** Records supplied follows **
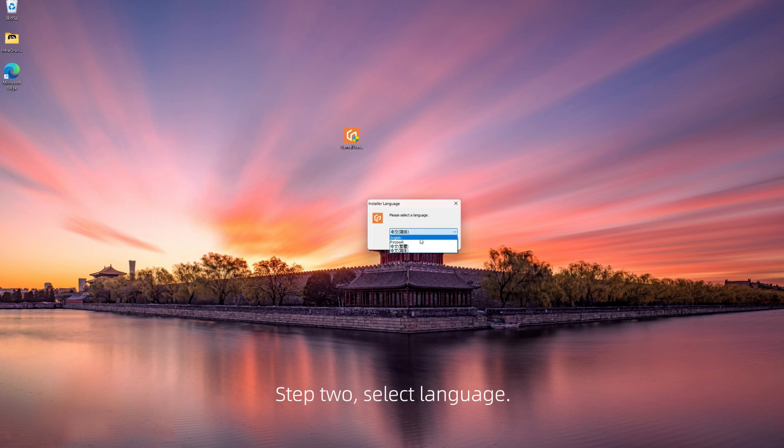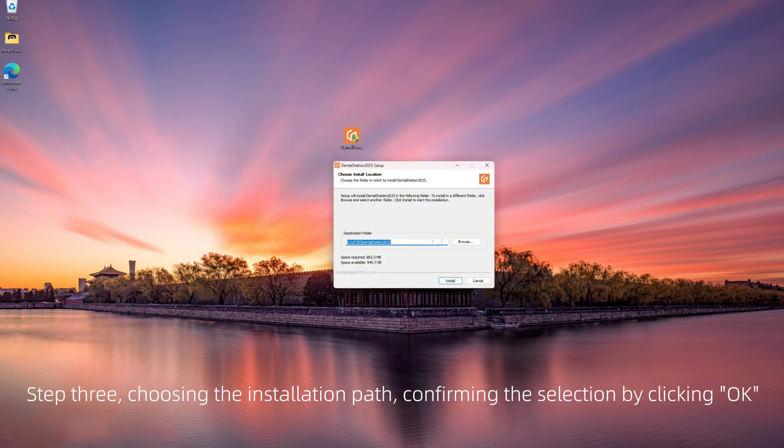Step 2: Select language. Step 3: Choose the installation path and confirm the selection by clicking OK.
** End of Records supplied **
** Records supplied follows **
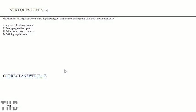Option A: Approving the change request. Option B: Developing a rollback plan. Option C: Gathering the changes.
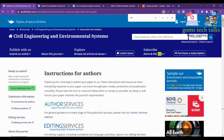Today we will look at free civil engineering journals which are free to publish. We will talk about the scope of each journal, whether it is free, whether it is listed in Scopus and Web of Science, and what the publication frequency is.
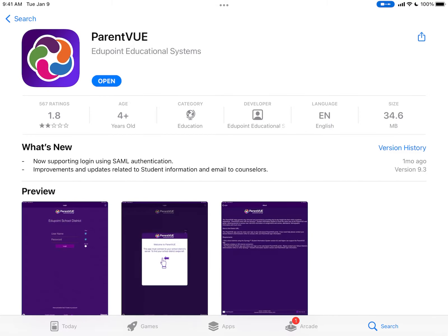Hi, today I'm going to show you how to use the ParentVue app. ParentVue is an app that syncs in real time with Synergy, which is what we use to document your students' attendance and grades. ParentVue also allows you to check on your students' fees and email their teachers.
** End of Records supplied **
What to produce =>
Having found the line with "Today we will" and the line with "Hi, today I'm" in the material above, write out exactly those two and every line between, leaving the pictures out.

Answer for the task =>
Today we will look at free civil engineering journals which are free to publish. We will talk about the scope of each journal, whether it is free, whether it is listed in Scopus and Web of Science, and what the publication frequency is.
Hi, today I'm going to show you how to use the ParentVue app. ParentVue is an app that syncs in real time with Synergy, which is what we use to document your students' attendance and grades. ParentVue also allows you to check on your students' fees and email their teachers.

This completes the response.